EXERCISE AIM:
Copy out the data exactly as it appears, without a single image.

RAW DATA:
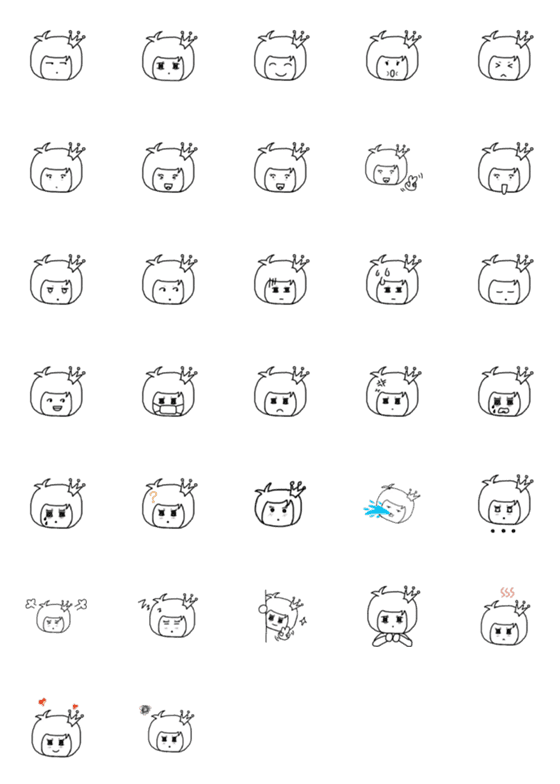 [LINE絵文字]Mila face emojiの画像一覧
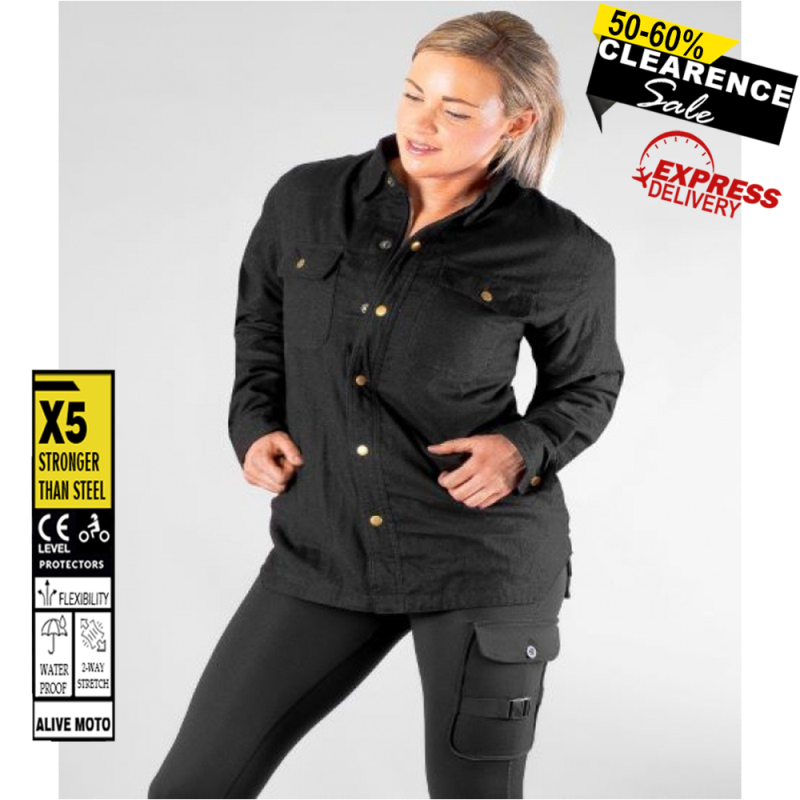 Women’s Black Flannel Motorcycle Shirt with DuPont™ Kevlar® – CE Certified EN 17092-4:2020 – Waterproof, Armoured, All-Weather Riding Shirt (XXS–6XL)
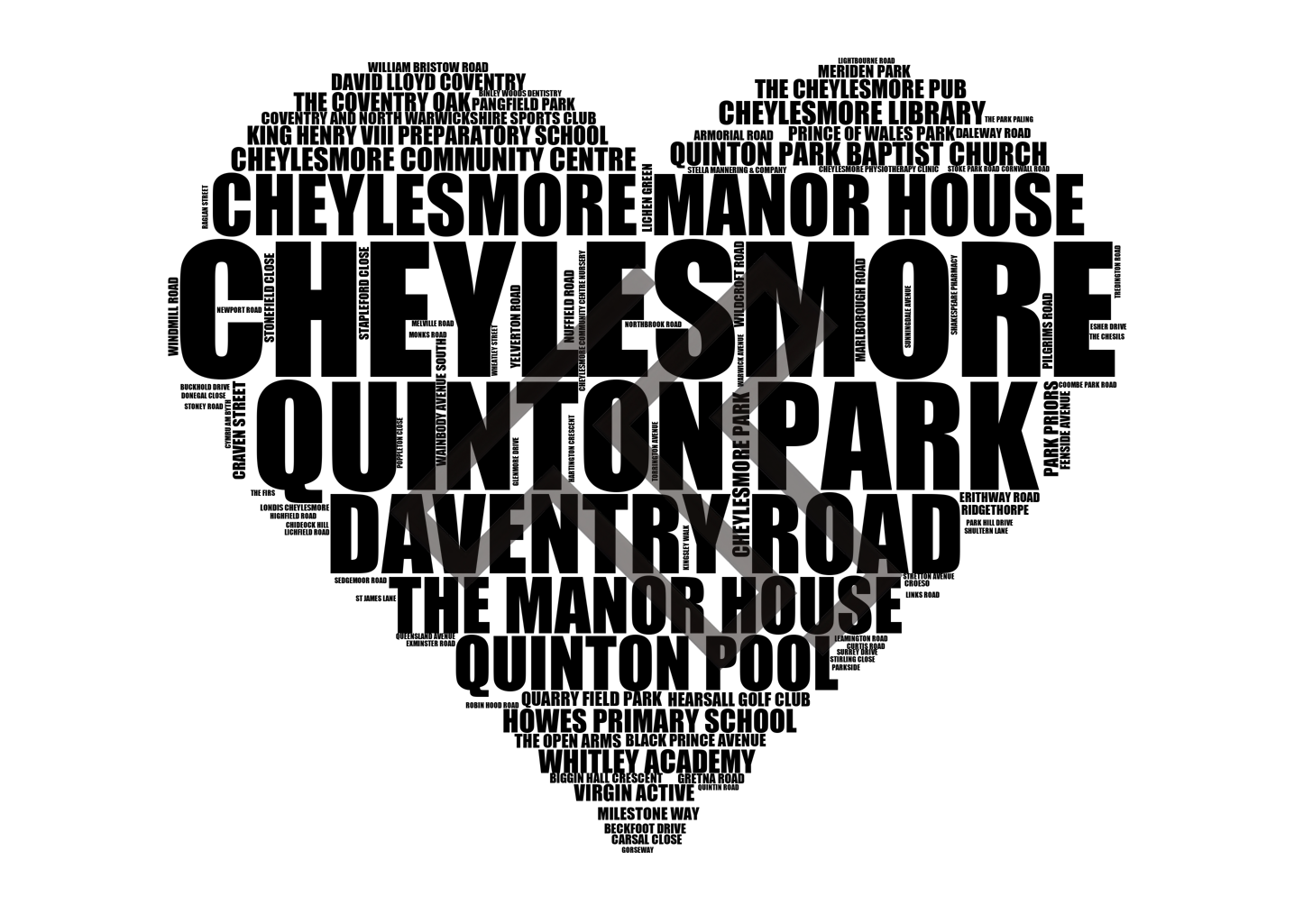 Cheylesmore - Premium Typographic Word Cloud Prints, Posters & Gifts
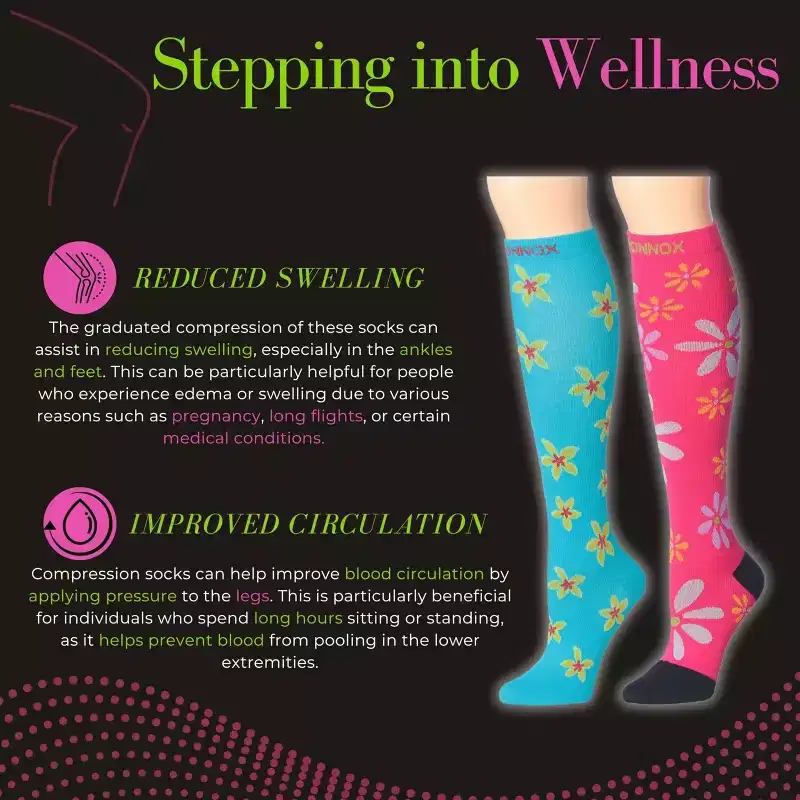 Tipi Toe Men & Women 3 Pairs Compression Socks Cosmic Contrast Black with Dual-Tone Space Dye Patterned Knee High Socks (12-14 mmHg)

ANSWER TO THIS EXERCISE:
 [LINE絵文字]Mila face emojiの画像一覧
 Women’s Black Flannel Motorcycle Shirt with DuPont™ Kevlar® – CE Certified EN 17092-4:2020 – Waterproof, Armoured, All-Weather Riding Shirt (XXS–6XL)
 Cheylesmore - Premium Typographic Word Cloud Prints, Posters & Gifts
 Tipi Toe Men & Women 3 Pairs Compression Socks Cosmic Contrast Black with Dual-Tone Space Dye Patterned Knee High Socks (12-14 mmHg)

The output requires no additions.